Caeleb Dressel, in whatever he wants

Options abound for Dressel, because of course. Both he and Florent Manaudou are within striking distance of Dressel’s record of 20.24 from last season. Dressel has been 20.52, Manaudou 20.55. The 100 free record of Amaury Leveaux (44.94), another of the super-suit marks, could be in play for Dressel, whose been 45.56. Manaudou is further back at 46.06. The Cali Condors and Energy Standard won’t meet until the final.

Dressel’s best shot could be the 100 IM mark. He’s been 50.48 this season, chasing the world record of 50.26 held by Vlad Morozov. Those two can’t match up head-to-head until the ISL final.

Lilly King, 50 breaststroke

You get the feeling that with all of her ISL wins, the queen of breaststroke is building time-wise. And it’s just a matter of when and where all the hard work she’s putting in between races will bear fruit. King owns the long-course record in the 100 but doesn’t have an SCM record to her name.

That could change this weekend. Her best chance could be the 50, where she’s been 28.86 this year. Alia Atkinson, who’ll be in the pool with the London Roar, holds the mark at 28.56. Benedetta Pilato of Energy Standard is in the mix, too, at 28.97.

The other records are further from King. She could clean up a messy three-way tie in the 100 breast, with Atkinson (twice) and Ruta Meilutyte jointly holding the mark at 1:02.36. King has been 1:03.15 and was 1:03.00 last season. Rebecca Soni’s 200 record has held since 2008 at 2:14.57. King has a best time this season of 2:15.80.

Nicholas Santos, 100 fly

The closest brush with history is maybe the most unlikely. At 40, Nicholas Santos is swimming as well as ever. And in the process, he’s chasing his world record of 21.75, having gone 21.78 in his last swim for Team Iron. He’ll be after it again in Semifinal 2.

The record already survived a swipe by Szebastzian Szabo of Aqua Centurions, who went 21.86 but whose team didn’t qualify for the semifinals.

Women’s sprint fly

The 50 fly record has been in the hands of Therese Alshammar since 2009, her 24.38 the oldest mark on the women’s side, a month older than Soni’s 200 breast. But it could be in jeopardy.

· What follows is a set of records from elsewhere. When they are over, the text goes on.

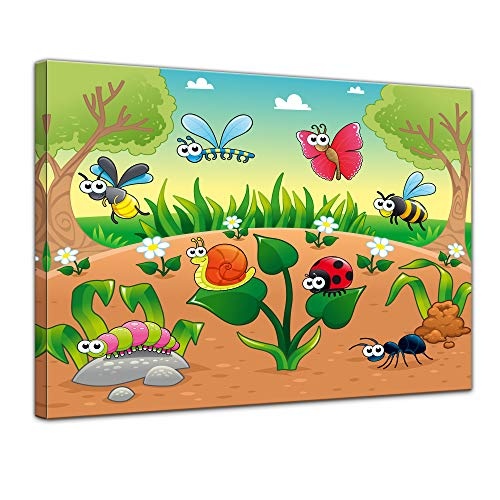 Keilrahmenbild Kinderbild Waldlichtung Cartoon - 120 x 90 cm Bilder als Leinwanddruck Fotoleinwand Kinder Natur kleine Insekten auf dem Waldboden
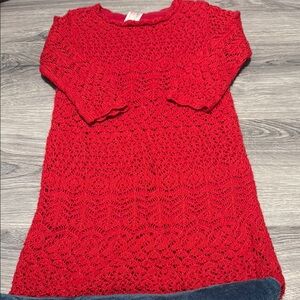 Cat & Jack Red Crochet Kids Dress**
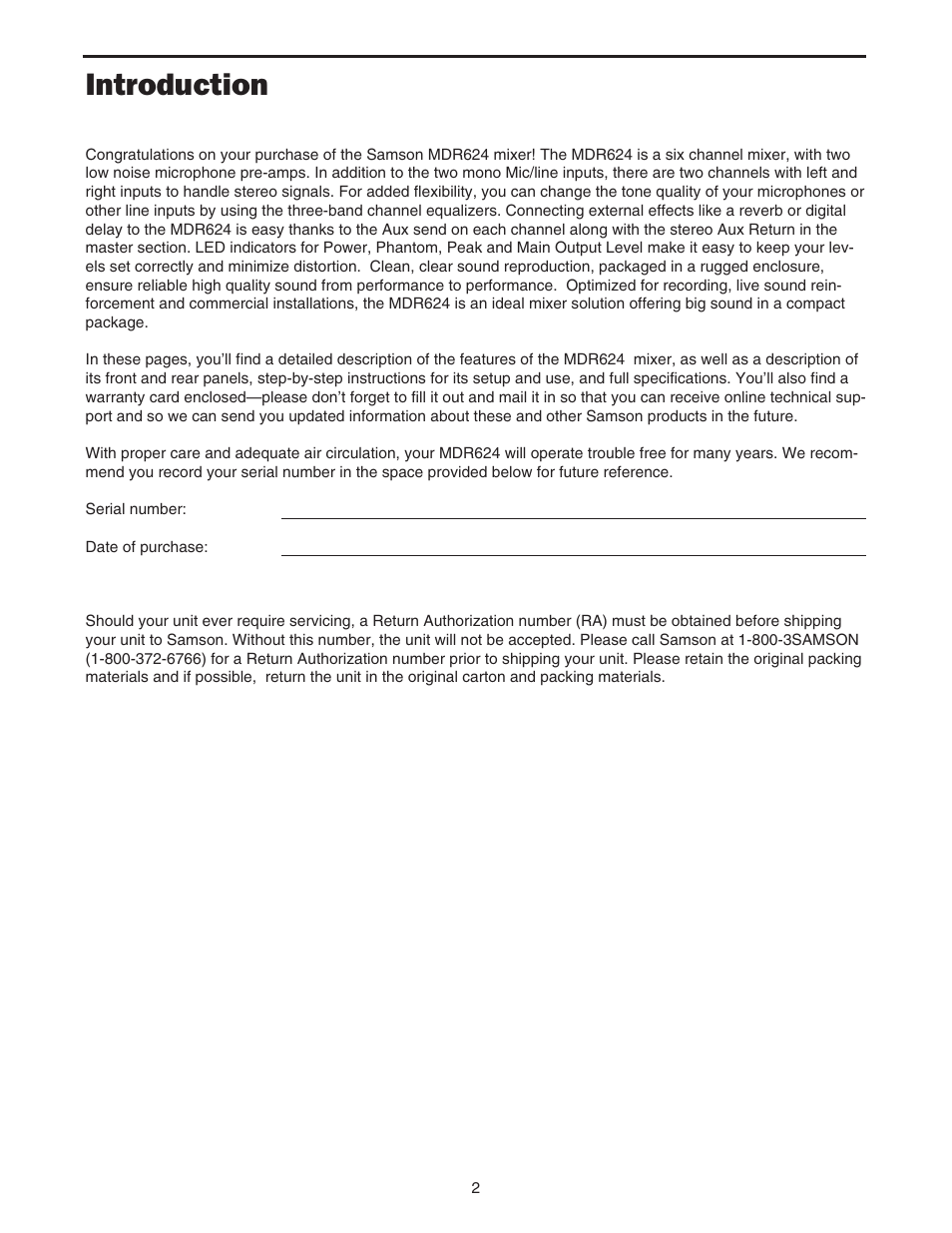 Introduction | Samson MDR624 User Manual | Page 4 / 24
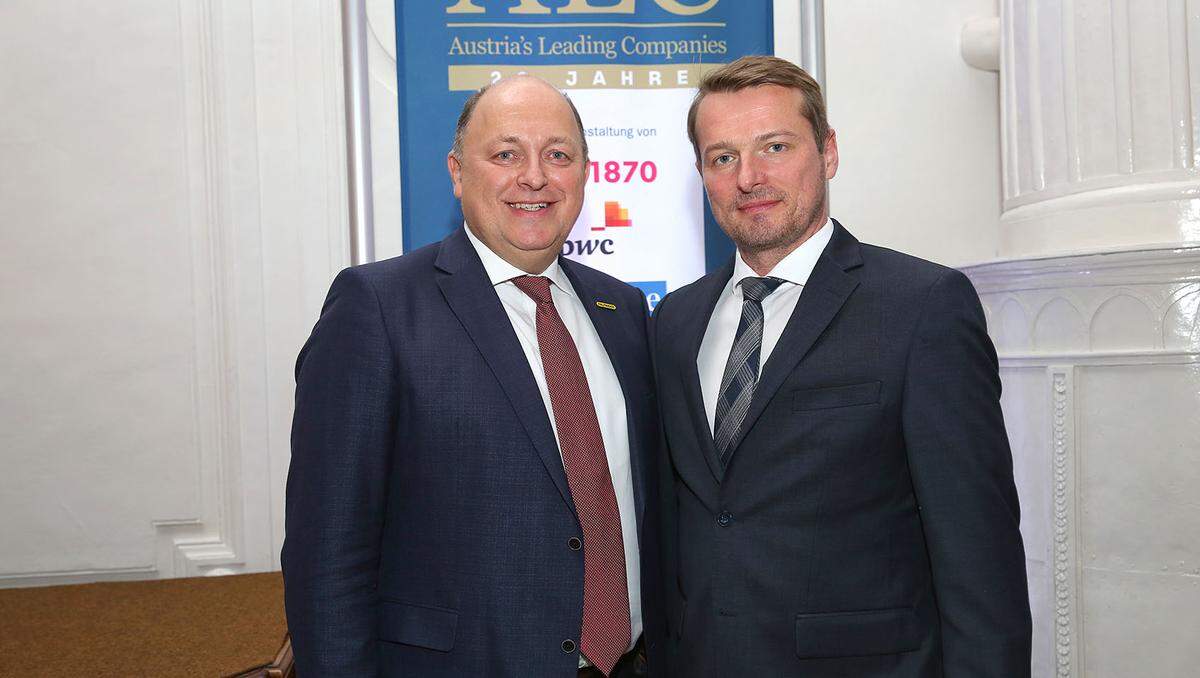 Palfinger-CEO Andreas Klauser mit dem "Presse"-Vorsitzenden der Geschäftsführung Herwig Langanger.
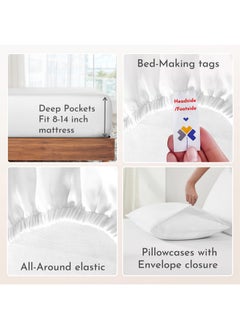 California Design Den California Design Den Soft 100% Cotton Sheets King Size Bed Sheets Set with Deep Pockets, King Bedding Set for White Sheets, Cooling Sheets with Sateen Weave (White)  - Image 4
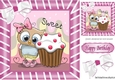 Cute owl with Cupcake with bow in pink stripe 8x8 frame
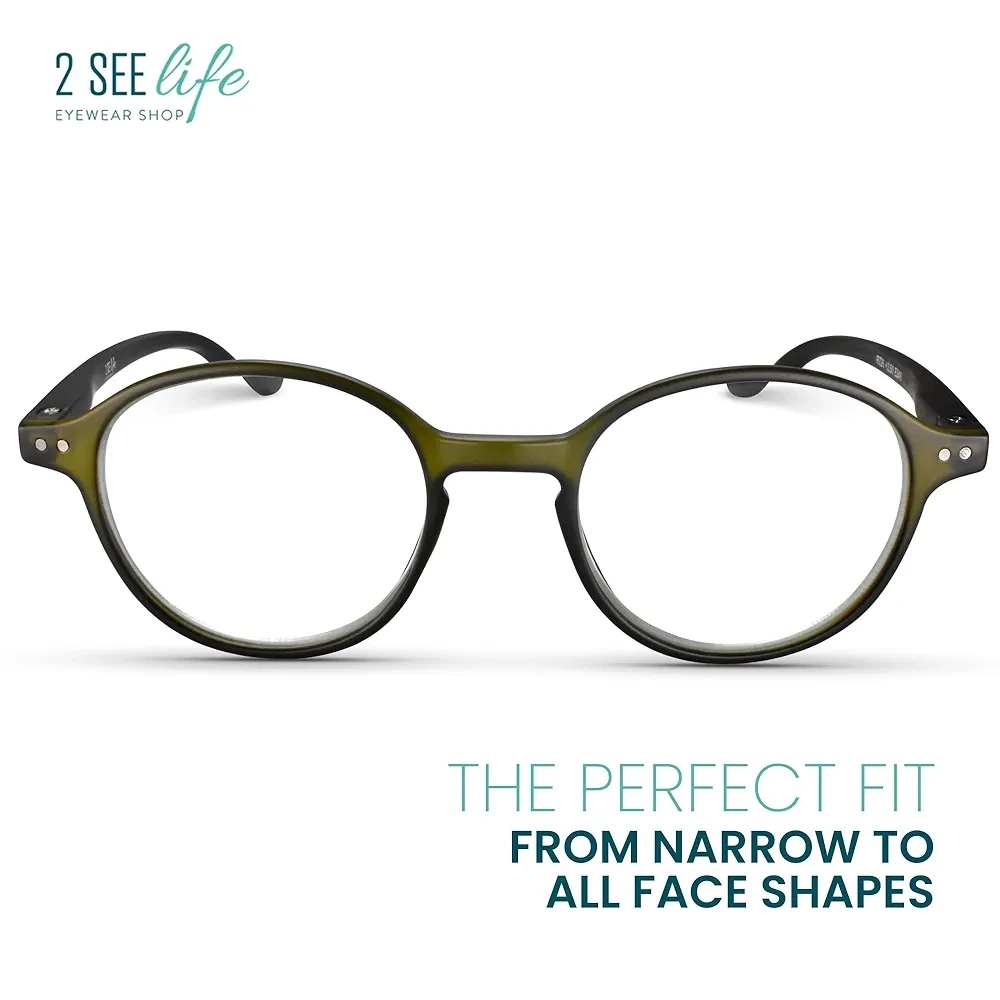 Dark Green Small Retro Round Reading Glasses for Women & Men with Sturdy Made - Trendy Narrow Face Readers for Women & Men - Spring Hinges to Fit all Face Shapes High End Reader Glasses - Cheaters 2.5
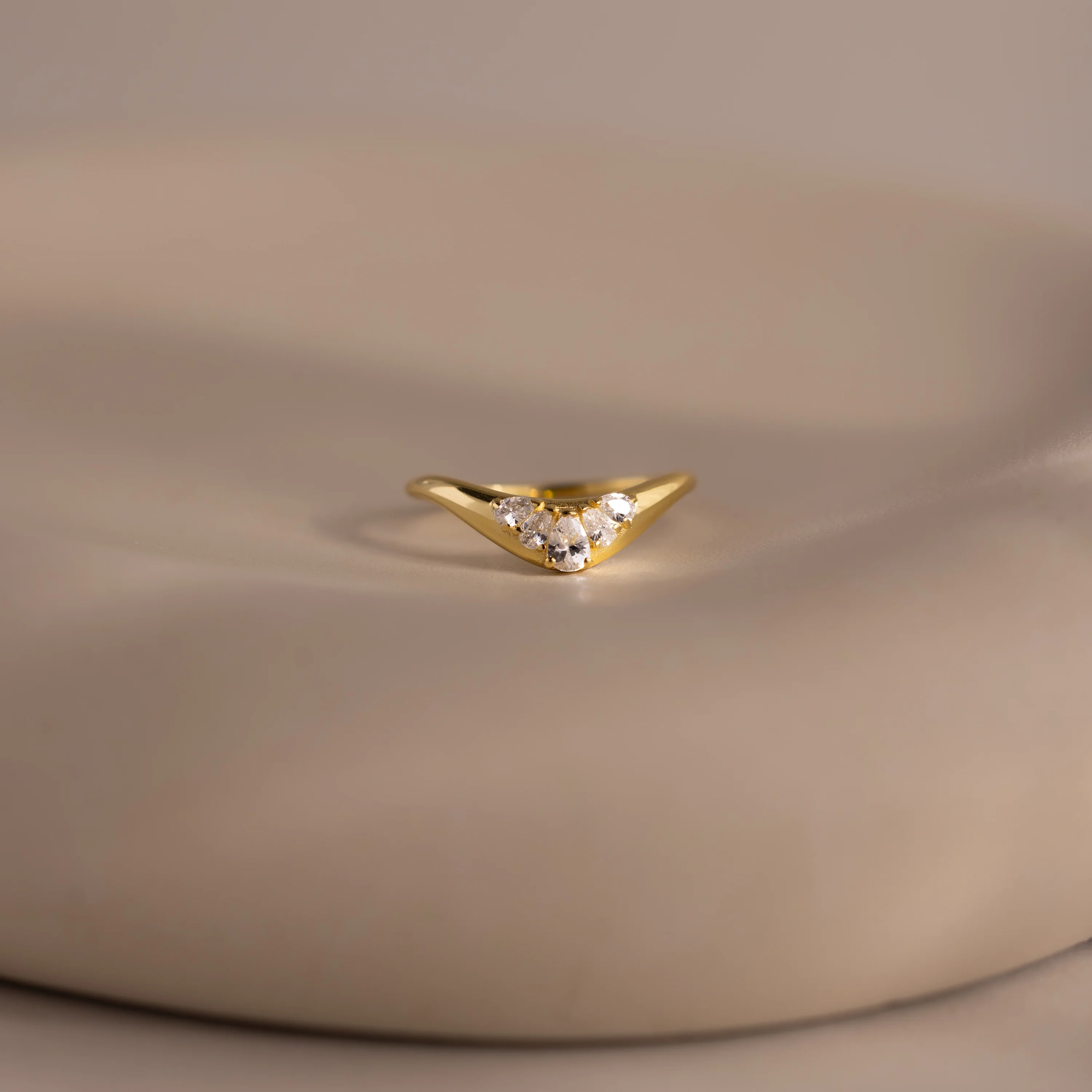 Sunrise Diamond Curve Ring - Image 7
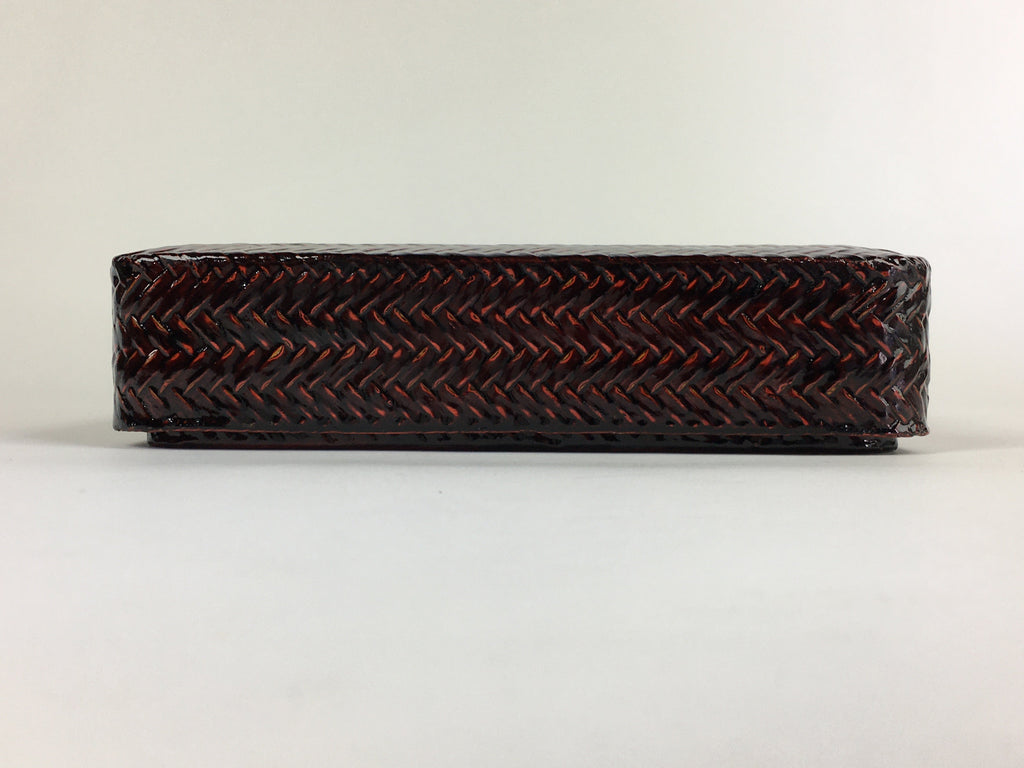 Japanese Bamboo Lacquerware Lidded Box Vtg Bamboo Work Rantai UR717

Team Iron’s duo leads the charge, with 50 free record-holder Ranomi Kromowidjojo having been 24.59 and teammate Melanie Henique at 24.62. LA Current’s Beryl Gastaldello has a 24.75 to her name. Those three could be in the pool together in Semifinal 2 for a triple-barrel assault.

Honorable mention: Kliment Kolesnikov of Energy Standard in the 100 back, where he’s been 49.16 and is chasing Xu Jiayu’s record of 48.88; Siobhan Haughey, at 1:51.19, is within a second of Sarah Sjostrom’s WR in the 200 free (1:50.43).